I've 2 tables namely: 1. downloadedtickets 2. redeemedtickets
Each table has the attribute "ticketid".
I want to find people who downloaded their ticket but did not redeem them - essentially, find non-duplicated (unique) ticketids.
My Query (PHP) is as follows:
$sql = "
SELECT ticketid
FROM (
SELECT ticketid
FROM downloadedtickets
UNION ALL
SELECT ticketid
FROM redeemedtickets
)
GROUP BY ticketid
HAVING COUNT(*) = 1";
I am not getting any output from this.
A good way to do this is a left join, with a test for NULL.
SELECT d.ticketid
FROM downloadedtickets d
LEFT JOIN redeemedtickets r USING(ticketid)
WHERE r.ticketid IS NULL
The LEFT JOIN operation creates a resulting row for every downloaded ticket and its redemption. Where there's no redemption, the redeemed.ticketid is NULL, so this query uses WHERE to select just those items.
You should specify and aggregate the field you are counting. See below:
$sql = "SELECT COUNT(ticketid)ticketid FROM downloadedtickets UNION ALL SELECT ticketid FROM redeemedtickets GROUP BY ticketid HAVING COUNT(ticketid) = 1";
I would approach this using NOT EXISTS
, NOT IN
, or LEFT JOIN
. Here is the latter version:
select d.*
from downloadedtickets d left outer join
redeemedtickets r
on d.ticketid = r.ticketid
where r.ticketid is null;
Your query seems like it should return the specified result. One possible explanation for the resuts you are getting (no rows) is that there aren't any downloaded tickets that aren't redeemed.
This query seems to assume that ticketid
is UNIQUE in the downloadedtickets
table, and UNIQUE in the redeemedtickets
table... that may be the case, but we don't have that information from the specification we were provided. (If that's not the case, then the COUNT(*) for a ticketid
from just the downloadedtickets
table could be greater than one.
Is ticketid
the right column to use to "match" the rows from the two tables? We'll assume it is, because that's what your query is using. (If it's not, that could also explain the result you are getting.)
Your query is of the form (more easily read):
SELECT t.ticketid
FROM ( SELECT d.ticketid
FROM downloadedtickets d
UNION ALL
SELECT r.ticketid
FROM redeemedtickets r
) t
GROUP BY t.ticketid
HAVING COUNT(*) = 1
We note that there's potential that this query could return a ticketid
for a row in redeemedtickets
that isn't in downloadedtickets
. There may be some sort of guarantee that this wouldn't happen, but again, that information is absent from the specification.
For large sets, materializing that inline view could be expensive.

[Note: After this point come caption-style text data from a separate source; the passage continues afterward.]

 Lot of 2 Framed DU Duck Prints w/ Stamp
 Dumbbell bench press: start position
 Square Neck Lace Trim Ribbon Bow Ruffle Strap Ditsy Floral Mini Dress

Personally, I'd prefer use a query with a more efficient "anti-join" pattern:
SELECT d.ticketid
FROM downloadedtickets d
LEFT
JOIN redeemedtickets r
ON r.ticketid = d.ticketid
WHERE r.ticketid IS NULL
ORDER BY d.ticketid
This essentially says, return all rows from downloadedtickets
, along with any "matching" rows from redeemed
tickets. The LEFT
keyword makes this an "outer" join, so we get all rows from the table on the left side, whether or not there are matching rows from the table on the right side. The trick is the predicate in the WHERE
clause, that filters out all rows that had a match. (If there was a match, we are guaranteed that ticketid
from redeemedtickets
will be non-NULL. So, the only rows that would have a NULL value from that table would be rows from downloadedtickets
that didn't have a match.
This query can make efficient use of an index on redeemedtickets
with a leading column of ticketid
.
This isn't the only query that will return the specified result, there are other query patterns that can return an equivalent result.